Developing mystic eyes
PAUSE FOR REFLECTION
by Ken Rolheiser

A Hindu man is walking and talking with God. The man asks, “Can you explain to me the mysteries of life?” God says, “O.K., but first give me a cup of water.” Just then they come upon a house. The man goes to the door to ask for a drink of water.

A beautiful woman answers the door. Forty years later they are married with children, living in the same house, when a terrible storm shakes the house. The man cries out, “Where are you God?” God answers, “I’m here. Where is my cup of water?”

Life often interrupts our quest for the Divine. God’s presence to us is often silent, largely unnoticed, but unremitting. He’ll still be here after forty years. God hangs around.
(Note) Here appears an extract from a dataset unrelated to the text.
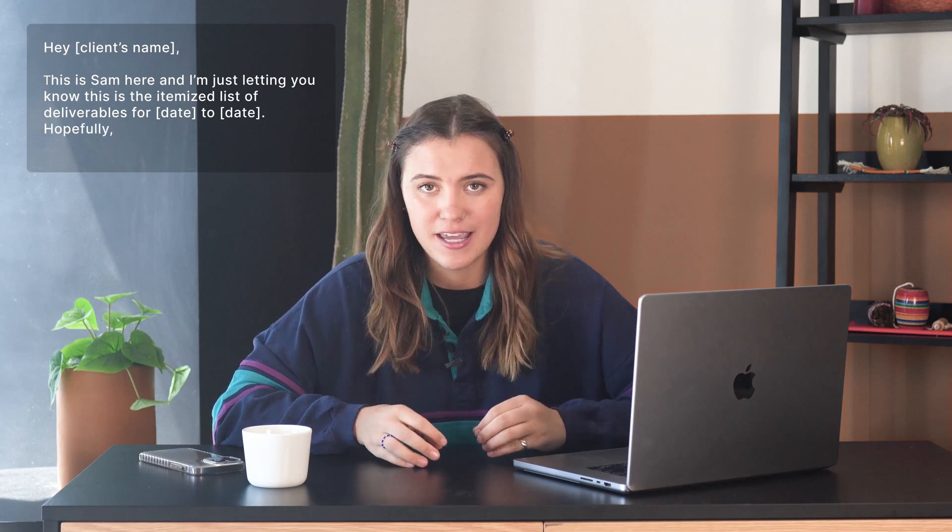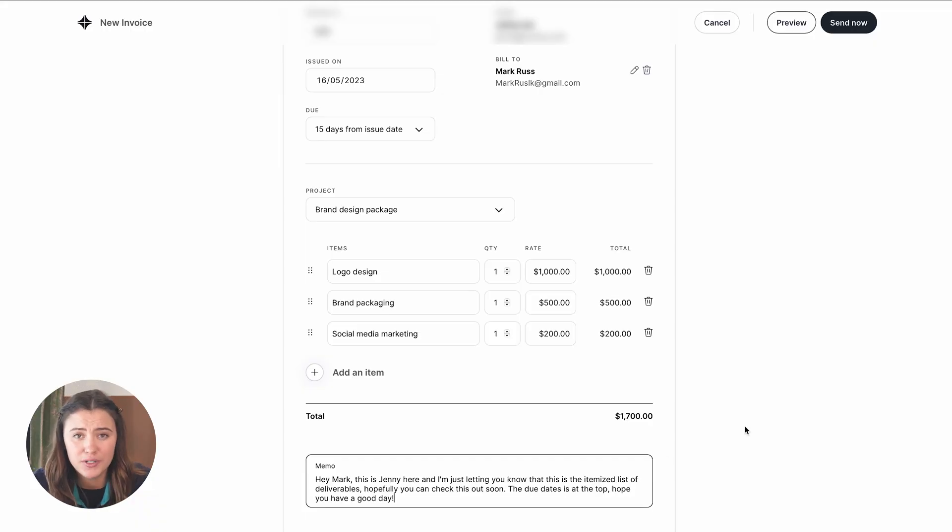Whatever the case is, at the end you can add in a memo. You can say something like, 'Hey, client's name — this is Sam. I'm just letting you know this is the itemized list of deliverables for this date to this date. Hopefully you can check this out soon. The due date is at the top.' Or simply, 'Hey, Sam here — just wanted to send this over per our last conversation. Hope you have a good day.' Something simple to give them context. Then all you have to do is click send now. It couldn't be easier.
In her book Sacred Heart, Gateway to God Wendy Wright says, “A layered reality is part of the Catholic [Universal] imagination. To possess this imagination is to dwell in a universe inhabited by unseen presences - the presence of God, the presence of saints, the presence of one another. There are no isolated individuals but rather unique beings whose deepest life is discovered in and through one another. This life transcends the confines of space and time."
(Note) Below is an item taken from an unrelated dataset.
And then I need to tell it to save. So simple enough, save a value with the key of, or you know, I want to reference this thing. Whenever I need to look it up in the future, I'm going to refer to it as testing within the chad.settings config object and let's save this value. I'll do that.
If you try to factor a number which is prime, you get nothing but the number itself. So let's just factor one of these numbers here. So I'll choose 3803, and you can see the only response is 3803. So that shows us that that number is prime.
“Mysticism is as real as science,” Father Ron Rolheiser says. “What she [Wright] describes here so brilliantly points towards something that is all but lost in our world today; namely, the fact that reality is more than just physical, that it has layers that we do not perceive empirically, that these layers are just as real as the physical, and there is more mystery within ordinary life than meets the eye.
In a related column Father Rolheiser says, “The mystical imagination is the other half of the scientific imagination, and, like science, its purpose is to help us see, imagine, understand, speak about, and relate to reality in a way beyond fantasy and superstition. But the mystical imagination can show us something that science, wonderful though it is, cannot; namely, it can show us the many grace-drenched and spirit-laden layers of reality that are not perceived by our physical senses. The mystical imagination can show us how the Holy Spirit isn't just inside our churches, but is also inside the law of gravity.”
Developing mystical eyes is simply becoming aware of God’s hidden presence inside us. It is recognizing God’s presence in our lives. God is forever trying to break through to us, but like the Hindu man in the story, life interrupts us in our quest for God.
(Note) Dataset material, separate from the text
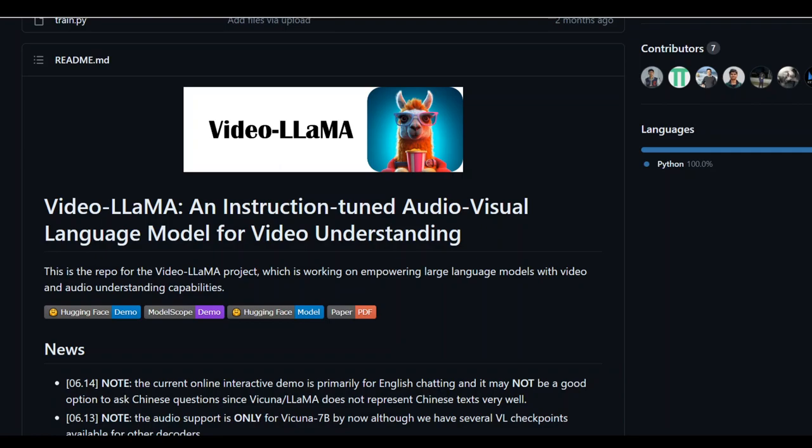VideoLlama is quite an innovative language model that has been trained on various pairs of audio, video, and image captions. It also aligns the output of the visual and audio encoders with the embedding space of the LLM.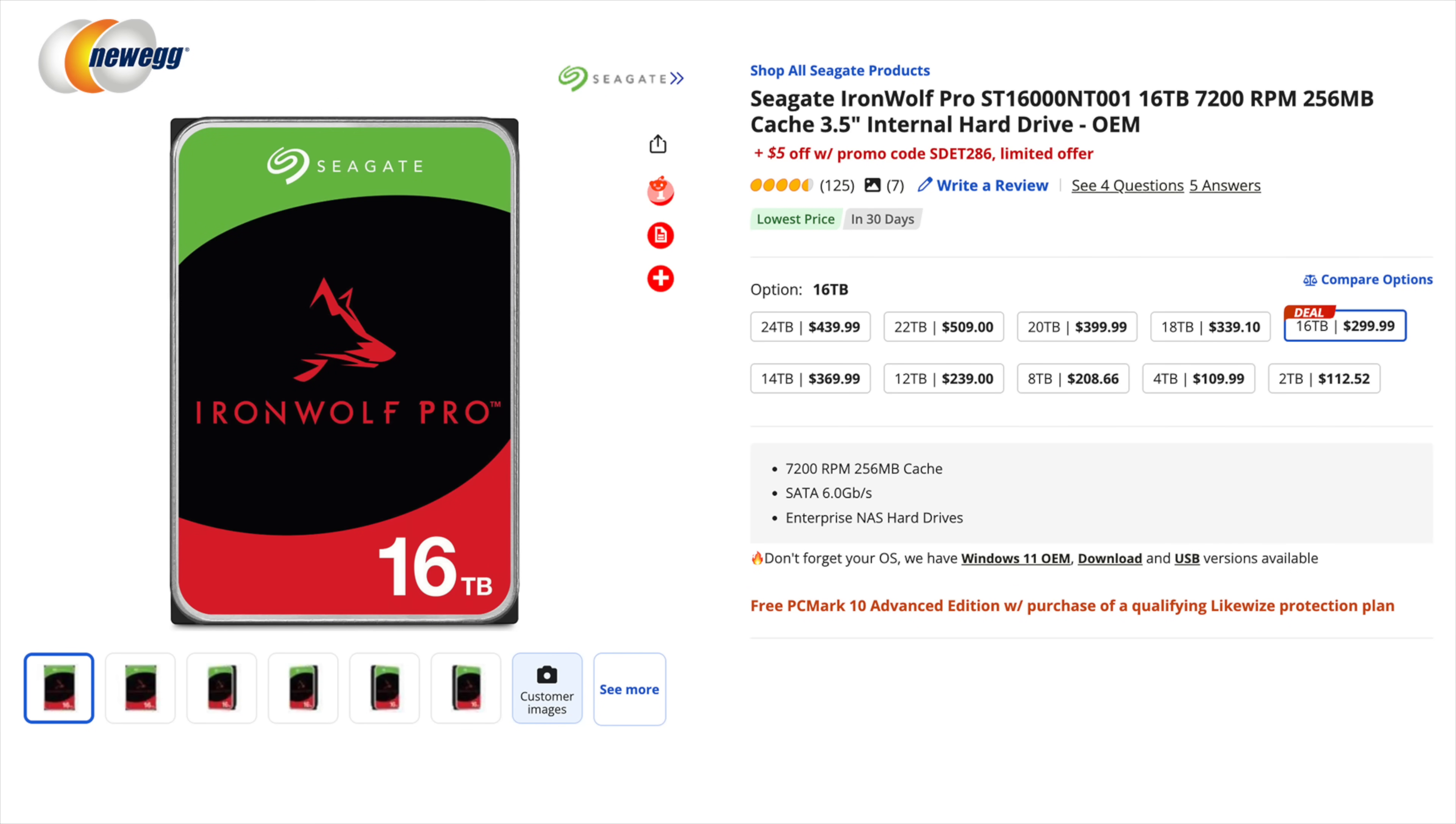Two are running in RAID so we've got some redundancy there just to make sure I got those extra backups in case anything goes wrong. But these are workhorses and it's a go-to for a lot of people with up to a 550 terabyte yearly workload and a five-year limited warranty. It's hard to go wrong with these Iron Wolf Pro drives.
God’s presence in our lives can be experienced in different ways. Conscience is one way. Unless we have silenced it, we all have an inner voice that prompts us to make correct choices. This inner consciousness keeps us in touch with our Maker who put it there.

Artists often have a unique way of expressing the Divine Presence in our world. William Wordsworth spoke of
“A motion and a Spirit, that impels
All thinking things, all objects of all thought,
And rolls through all things.”
“Lines—Tintern Abbey” (100-103)

Dag Hammerjold said, “God does not die on the day when we cease to believe in a personal deity, but we die on the day when our lives cease to be illumined by the steady radiance, renewed daily, of a wonder, the source of which is beyond all reason.”